1981-83 was the famous “Volker interest” deliberately induced to quench the inflation that followed OPECs quadrupling of oil prices in the late 1970s. The rise in energy prices led to a spiral of wage demands and merchandise mark-ups that threatened to spiral out of control or at least create a Brazil-type permanent double-digit inflation. Volker ended that; but it was more painful than beneficial. The REAL upside was for equity holders, who now assured that the Fed would fight inflation with a broadsword, enjoyed an equities boom that returned 20% per annum from 1980 to 2000.
But we are in a very different world, one of aging and stagnant populations in rich countries, stronger emerging markets, and great anxiety about bank and sovereign solvency. Low interest rates seem inevitable for some time yet.
Thank you for your thoughtful commentaries. However, I think that you are a bit naive to believe that ending the Iowa caucuses would improve our system. (Full disclosure: I’m an Iowan & caucus participant.) Your litany of presidents and their shortcomings certainly raises questions, but then when we go back to the likes of Nixon, Johnson, Kennedy, Truman: can we say that each of them was nominated as “the best man”? Or that none of them failed significantly once in office? As one looks back over the course of American history, I don’t find that the smoke-filled rooms and occasional primaries proved especially adept at picking the truly capable. (What about Lincoln, the one term congressman and failed senatorial candidate–bad or good selection via hindsight or foresight?)
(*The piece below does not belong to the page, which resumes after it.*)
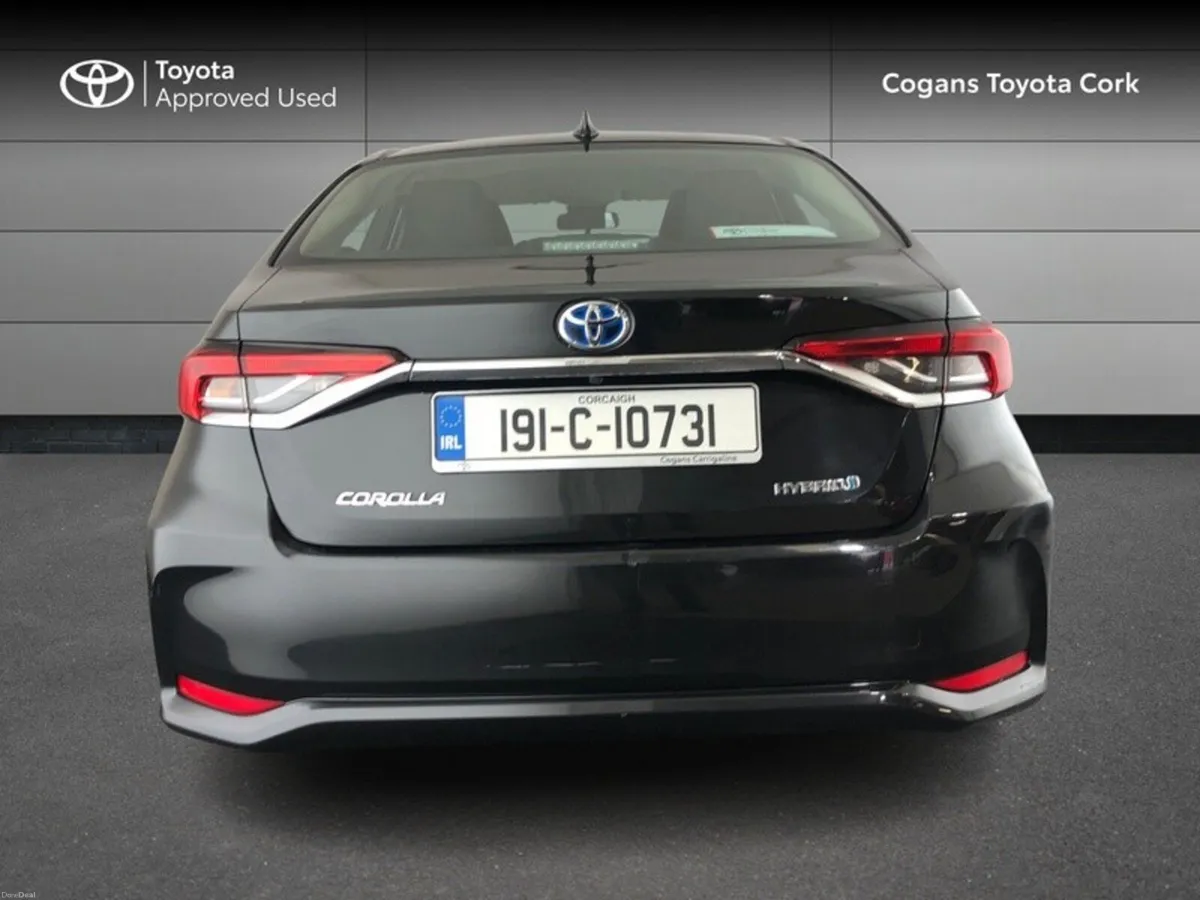 Toyota Corolla COROLLA HYBRID LUNA SAL - Image 4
As to caucus radicalism, it’s true that the Republican Party has turned sharply to the right so that even Richard Nixon running today would seem way too much a lefty. (That Keynesian!) The Democrats, on the other hand, nominated the very centrist Obama over the centrist Clinton (and the other centrist candidates). That Iowans went with the new and exciting Obama brand over the Clinton (and Edwards–we didn’t know then) brands may seem brash, but in terms of policy, do we really think that a HIllary Clinton administration would have followed a very different course than the Obama administration? I don’t think so. Iowans in many of those years picked candidates that the American electorate as a whole thought the best pick.
Democracy is awfully messy and often quite irrational, but I don’t think that abolishing the caucuses and Californiaizing our nominating process would improve-the process.
Democracy is messy, but I believe the more voters the better; I would be happy to see Iowa lead the way, even to have caucuses. Many states combine caucuses with primaries. But the primaries should be more important in choosing the candidates.
Your points are well-taken; though; let others express their opinion too.
And the primaries should either be proportional representation rather than winner take all, or approval voting, or instant runoff, or a combination of the first two.